§ **Data provided**

== == ==

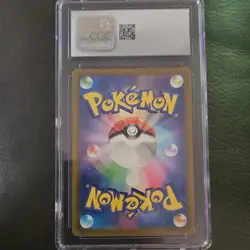 Charizard Pokemon TCG 010/071 Japanese Holo Rare S10b Pokemon GO CGC 7.5 HP 170 - Image 2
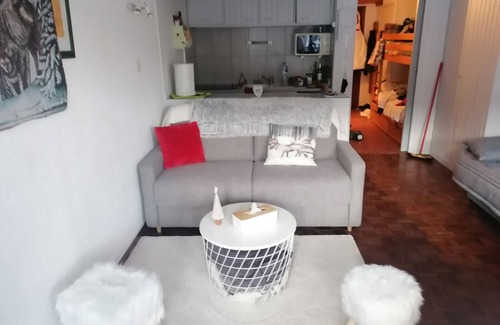 Pra Loup Apartment | Appartement 32m2 Praloup 1600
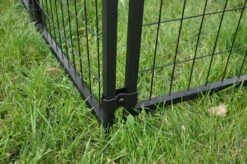 MaxxPet Hondenkennel - Hondenkennel Met Afneembaar Dak - Geschikt Voor Buiten En Binnen - 142 X 142 X 153 Cm -Huisdier Verkoop 1200x796 1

== == ==

§ **Directions for this task**
No picture is to be included when the lines from the one containing "Pra Loup Apartment" through the end of the material above are output exactly; nothing else is written.

§ **Exercise output**
 Pra Loup Apartment | Appartement 32m2 Praloup 1600
 MaxxPet Hondenkennel - Hondenkennel Met Afneembaar Dak - Geschikt Voor Buiten En Binnen - 142 X 142 X 153 Cm -Huisdier Verkoop 1200x796 1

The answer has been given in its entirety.